On March 10, a week after Kenya received the first consignment of the AstraZeneca vaccine, a statement appeared on the Sputnik V’s Russian website saying that Kenya had also approved the use of the Russian vaccine.
“With the authorisation of Sputnik V in Kenya,” said Kirill Dmitriev, the CEO of the Russia fund seeking new markets for it, “there are now 10 African nations that have registered the Russian vaccine.”
It took another two weeks before the Pharmacy and Poisons Board posted a notice on its official Twitter handle, admitting that it had “authorised” the Russian vaccine for emergency use – but had not “registered” it.
And that only came after Nanyuki Cottage Hospital announced that it had received the Sputnik V vaccine – sparking queries on when the government allowed the creation of a private market vaccine channel away from its official distribution.
The Ministry of Health then said no vaccine had been approved “for sale” in the country, as fears emerged that at Sh8,000, the Sputnik V, was going to be the preserve of the rich, who were eager to jump the prioritised vaccination queue. More so, some profiteers appeared to have, once again, taken advantage of the Covid-19 pandemic.

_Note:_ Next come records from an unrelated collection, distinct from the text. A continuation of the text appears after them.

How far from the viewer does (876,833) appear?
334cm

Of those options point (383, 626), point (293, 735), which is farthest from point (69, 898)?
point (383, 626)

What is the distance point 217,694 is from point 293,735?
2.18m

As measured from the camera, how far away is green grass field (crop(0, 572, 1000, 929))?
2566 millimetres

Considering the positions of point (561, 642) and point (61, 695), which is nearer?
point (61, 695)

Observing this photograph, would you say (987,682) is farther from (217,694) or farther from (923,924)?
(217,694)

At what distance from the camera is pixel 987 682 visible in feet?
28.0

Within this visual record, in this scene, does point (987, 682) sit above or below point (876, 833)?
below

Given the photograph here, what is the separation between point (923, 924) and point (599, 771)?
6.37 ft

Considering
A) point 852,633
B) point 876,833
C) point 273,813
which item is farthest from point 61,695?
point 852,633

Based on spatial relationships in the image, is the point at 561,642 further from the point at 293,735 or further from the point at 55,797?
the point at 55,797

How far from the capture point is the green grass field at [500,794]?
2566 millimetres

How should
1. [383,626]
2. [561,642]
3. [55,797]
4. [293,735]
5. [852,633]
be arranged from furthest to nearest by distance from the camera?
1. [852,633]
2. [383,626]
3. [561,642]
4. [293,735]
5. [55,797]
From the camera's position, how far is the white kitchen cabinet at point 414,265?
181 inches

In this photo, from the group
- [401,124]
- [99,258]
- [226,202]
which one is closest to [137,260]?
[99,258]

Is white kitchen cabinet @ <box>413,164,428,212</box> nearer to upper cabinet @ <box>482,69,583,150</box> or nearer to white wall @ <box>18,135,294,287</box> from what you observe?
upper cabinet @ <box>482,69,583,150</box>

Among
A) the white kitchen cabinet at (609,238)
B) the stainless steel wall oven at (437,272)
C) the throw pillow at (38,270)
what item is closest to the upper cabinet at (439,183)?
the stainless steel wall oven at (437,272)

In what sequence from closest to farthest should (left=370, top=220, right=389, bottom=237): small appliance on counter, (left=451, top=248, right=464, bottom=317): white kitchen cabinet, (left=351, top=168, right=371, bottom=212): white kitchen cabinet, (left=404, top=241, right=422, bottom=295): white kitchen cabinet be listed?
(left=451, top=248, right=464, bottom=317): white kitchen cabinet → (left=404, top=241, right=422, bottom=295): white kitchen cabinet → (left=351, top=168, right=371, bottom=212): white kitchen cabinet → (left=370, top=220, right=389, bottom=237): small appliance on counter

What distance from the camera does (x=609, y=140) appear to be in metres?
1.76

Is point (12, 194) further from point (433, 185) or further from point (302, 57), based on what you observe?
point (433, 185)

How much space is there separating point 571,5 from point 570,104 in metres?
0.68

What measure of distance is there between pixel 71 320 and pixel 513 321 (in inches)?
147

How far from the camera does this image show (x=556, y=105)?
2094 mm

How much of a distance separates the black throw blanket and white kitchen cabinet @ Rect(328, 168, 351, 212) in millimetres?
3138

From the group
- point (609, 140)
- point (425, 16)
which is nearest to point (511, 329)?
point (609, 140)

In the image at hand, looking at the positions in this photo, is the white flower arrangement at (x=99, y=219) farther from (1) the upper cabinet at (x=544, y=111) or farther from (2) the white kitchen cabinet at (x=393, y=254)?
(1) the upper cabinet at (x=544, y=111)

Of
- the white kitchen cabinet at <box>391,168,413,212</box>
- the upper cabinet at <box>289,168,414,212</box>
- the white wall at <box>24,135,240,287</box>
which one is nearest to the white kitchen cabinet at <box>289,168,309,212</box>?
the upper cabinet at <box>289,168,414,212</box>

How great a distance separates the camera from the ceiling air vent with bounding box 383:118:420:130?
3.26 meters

Commercialisation of Sputnik V
And now, Kenya has become the second country where the attempted commercialisation of Sputnik V by profiteers appears to have hit a snag, after a similar row emerged in Pakistan.
This week, there was outcry in Pakistan after lobby groups criticised the private importation of Covid-19 vaccines, with Transparency International citing concerns with pricing and the potential for corruption.
“Pakistan is one of the first countries to allow the private sector to import and sell Covid-19 vaccines and [this] will provide a window of corruption, as there are possibilities some of the government vaccines may be sold to … private hospital[s],” Transparency International stated in a letter to the Prime Minister’s office.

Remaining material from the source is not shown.